[Collected data]

*-*-*

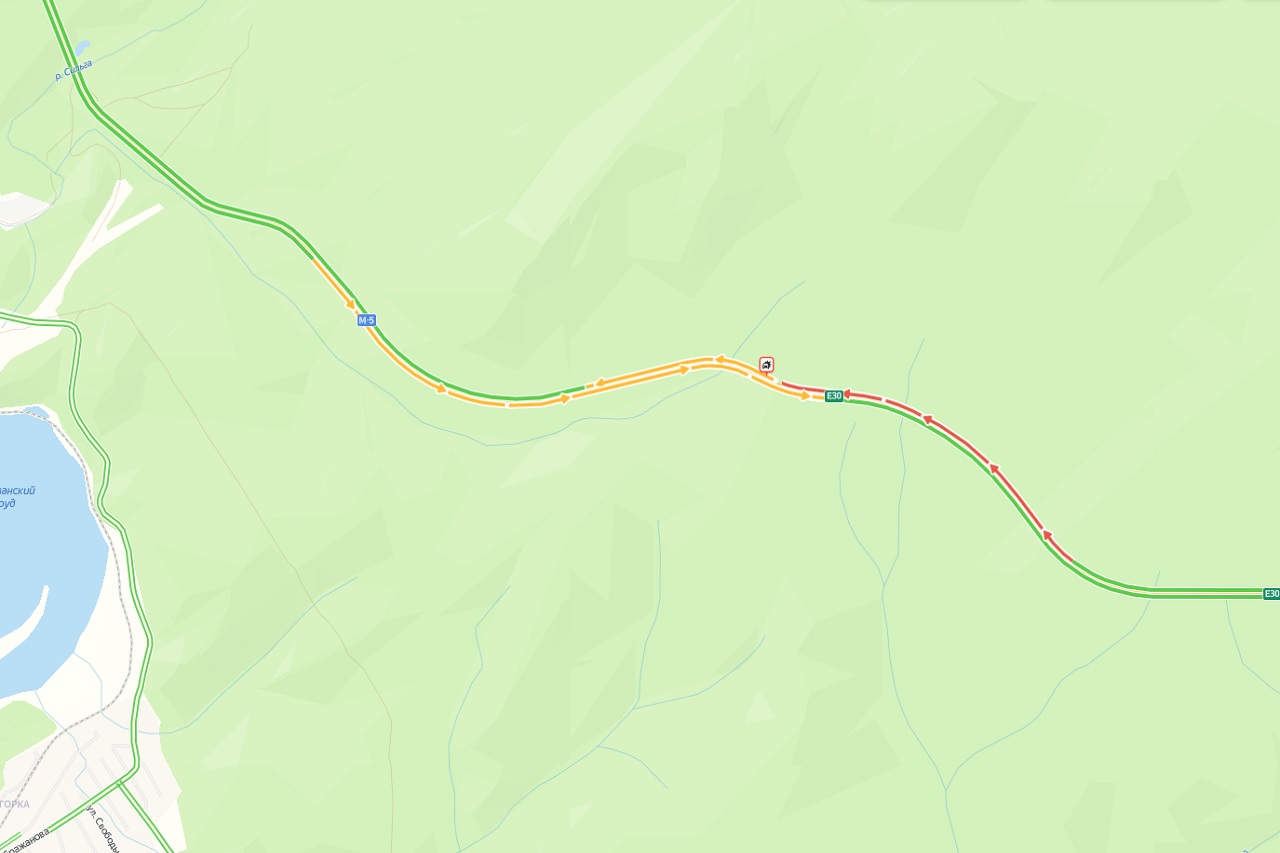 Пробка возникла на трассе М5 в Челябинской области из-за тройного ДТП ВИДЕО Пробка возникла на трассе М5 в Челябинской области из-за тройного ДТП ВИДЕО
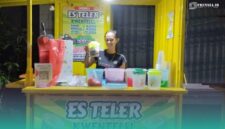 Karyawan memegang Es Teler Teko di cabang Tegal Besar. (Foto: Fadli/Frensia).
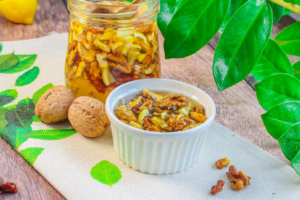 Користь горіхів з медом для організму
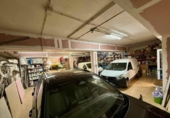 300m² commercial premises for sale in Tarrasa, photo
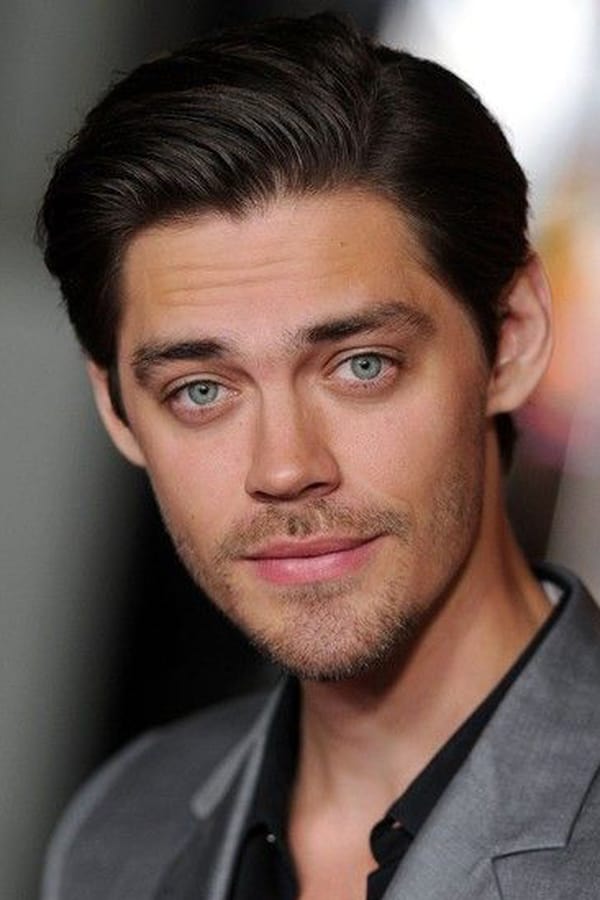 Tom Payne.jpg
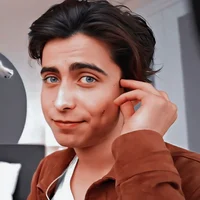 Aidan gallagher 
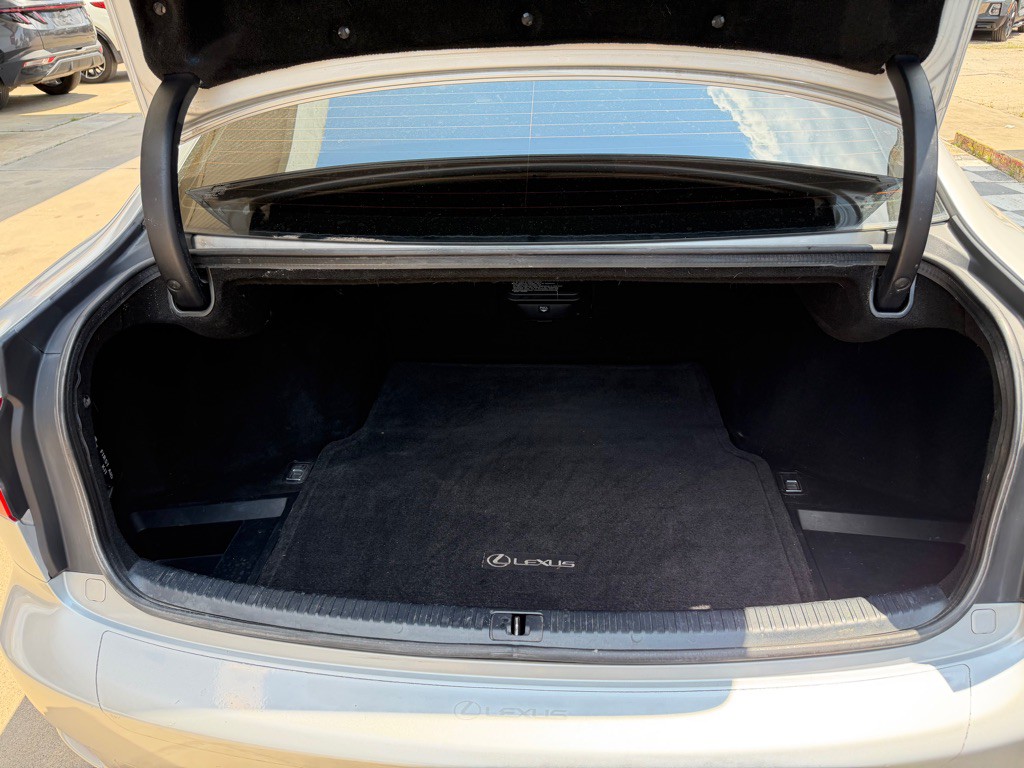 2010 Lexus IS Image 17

*-*-*

# About this task:
Return the complete data unchanged and include none of the pictures.

# Exercise response:
 Пробка возникла на трассе М5 в Челябинской области из-за тройного ДТП ВИДЕО Пробка возникла на трассе М5 в Челябинской области из-за тройного ДТП ВИДЕО
 Karyawan memegang Es Teler Teko di cabang Tegal Besar. (Foto: Fadli/Frensia).
 Користь горіхів з медом для організму
 300m² commercial premises for sale in Tarrasa, photo
 Tom Payne.jpg
 Aidan gallagher 
 2010 Lexus IS Image 17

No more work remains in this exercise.